Interactive sessions should be used sparingly (for interactive debugging, etc.)
since they use resources which could be used by batch jobs. You must have an
active connection to the cluster throughout the entirety of an interactive
job. If your connection drops, the session will end and you may lose your
results. Batch jobs submitted with qsub
do not require an active
connection and will continue to run whilst you are not connected to the
cluster.
At busy times you may not be able to get an interactive session as there may be no spare cores to immediately service your request, however you will increase your chances considerably if you choose the default runtime of 1 hour.
Node selection¶
In some situations, you may require your job to run on a certain node type
(for example to select a certain CPU architecture or GPU type). All node
selections are in the format -l <complex>[=<value>]
where the value is only
required for non-boolean complexes; The value can be either omitted or set
to TRUE
or true
when requesting boolean complexes. See the below table
for a list of supported node selections:
Complex Name | Description | Supported Values |
---|---|---|
cpuarch |
CPU architecture | intel and amd |
exclusive |
Request entire nodes | (boolean) |
gpu |
Request nodes with GPU support | (boolean) |
gpu_type |
Run on specific GPU types | ampere and volta |
gpuhighmem |
GPU nodes with a large amount of RAM | (boolean) |
highmem |
Nodes with a large amount of RAM | (boolean) |
infiniband |
Parallel jobs within an InfiniBand island | (node type) |
node_type |
Run on a specific node type | (node type) |
owned |
Run on owned / restricted nodes (if eligible) | (boolean) |
Job holds¶
Jobs can be held from running via the use of qhold
or qsub
with the
-hold_jid
argument. Holding a job means it remains in the queue but will not
be considered for scheduling until the hold is removed or the requirement is
met.

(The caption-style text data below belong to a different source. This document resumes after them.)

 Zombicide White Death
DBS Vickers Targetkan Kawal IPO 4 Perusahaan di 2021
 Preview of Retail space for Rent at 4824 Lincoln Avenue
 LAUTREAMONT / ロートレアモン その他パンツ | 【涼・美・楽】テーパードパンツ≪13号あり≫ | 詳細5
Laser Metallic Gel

This allows users and administrators greater control over queued jobs.
In the event of issues with a job, an administrator may hold the job until the issue is resolved. Users are unable to remove these holds but they may still delete the job if required.
Jobs can be held with the following commands:
# Hold a job
qhold <job_id>
# Release a job
qrls <job_id>
Queuing dependent jobs¶
To hold a job until a preceding job has completed -hold_jid
can be used.
# Preceding job:
$ qsub job_one.sh
$ qstat
500 0.00000 job_one abc123 qw 09/19/2020 10:11:35 1
# Held job
$ qsub -hold_jid 500 job_two.sh
$ qstat
500 0.00000 job_one abc123 qw 09/19/2020 10:11:35 1
501 0.00000 job_two abc123 hqw 09/19/2020 10:12:30 1
Once the first job completes the second job will be released for scheduling. This enables processing steps to be broken down into separate jobs. An example where this may be useful is within a pipeline, where a subsequent stage requires output from an earlier step, so this ensures a linear progression.
Further information¶
- The man pages on the cluster systems give information on the queuing system and MPI functions.